Malaria is life-threatening and the most contagious disease in the world, with Africa being the most affected. In the late 1960s, the parasite became resistant to antimalarial drugs, posing a major global challenge to the prevalence of malaria and the rise in mortality.
This conundrum plagues many world-class research institutions, including the U.S. Army Laboratory. In the 1960s, the Walter Reed Army Research Institute in Washington, D.C., spearheaded a series of projects to study new malaria treatments. As of 1972, the institute had tested more than 214,000 compounds, all without success.
On May 23, 1967, China began to implement the 523 key military project to find a cure for malaria. In 1969, at the age of 39, Tu Youyou was appointed head of the research team of the Chinese Medical Research Institute. Dare to challenge and conquer such a difficult problem, Tu Youyou's courage, perseverance and wisdom are admired by the world. In a difficult and turbulent environment, she and other Chinese scientists worked to find antimalarial drugs in traditional Chinese medicine.
In order to devote herself to her work, Tu Youyou had to leave her one-year-old daughter to her parents and put her four-year-old daughter in a full-time nursery. It was three years later that she saw the children again, and when she returned, her daughter did not know her.
Tu Youyou's visionary research on malaria treatment is rooted in ancient Chinese medicine. Initially, she spent years in the rainforests of southern China, studying the devastating consequences of malaria. Subsequently, she and the working group consulted a large number of ancient medical classics, visited the living old Chinese medicine practitioners in various places, inspected the folk prescriptions, selected about 2,000 kinds of anti-malaria prescriptions, and compiled the "Malaria Single Test Formula Collection" based on more than 640 kinds of chinese medicines on the basis of bringing together more than 2,000 kinds of internal and external prescription drugs including plants, animals, minerals, etc. Finally, the research team targeted the extraction of antimalarial drugs from Artemisia annua. In order to successfully extract artemisinin, Tu Youyou experienced at least 190 failures.
After the successful isolation of artemisinin, in order to complete the safety assessment before the end of the malaria epidemic season, Tu Youyou followed the example of Shennong's practice of tasting hundreds of herbs, willingly became a guinea pig, and voluntarily became the first human test subject. Because of her exemplary role, other investigators also volunteered to participate in dose increase studies without any side effects, and it was this safety assessment conducted by the researchers themselves that bought them valuable time to start and complete clinical trials in a timely manner.
Later, after a clinical trial of malaria patients, they all recovered. Finally, artemisinin was recognized and promoted. In the 1980s, thousands of malaria patients in China received effective treatment with artemisinin and its derivatives, and the results showed that artemisinin-based drugs had the characteristics of "high efficiency, rapidity and low toxicity".

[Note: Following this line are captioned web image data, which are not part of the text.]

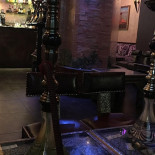 Rotani Caffè À l'intérieur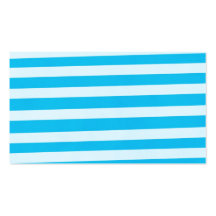 Baby Boy Stripes Business Cards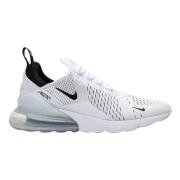 Nike Begränsad upplaga Air Max 270 Vit Svart White, Herr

In the early 20th century, the World Health Organization finally recommended the use of artemisinin-based combination therapy as the first line of defense against malaria. Over the decades, more than 200 million people with malaria have received artemisinin, or artemisinin-based combinations. In 2011, the Lasker Foundation awarded Tu youyou the Prize for Clinical Medical Research, calling the discovery of artemisinin "the most important drug intervention of the past half century."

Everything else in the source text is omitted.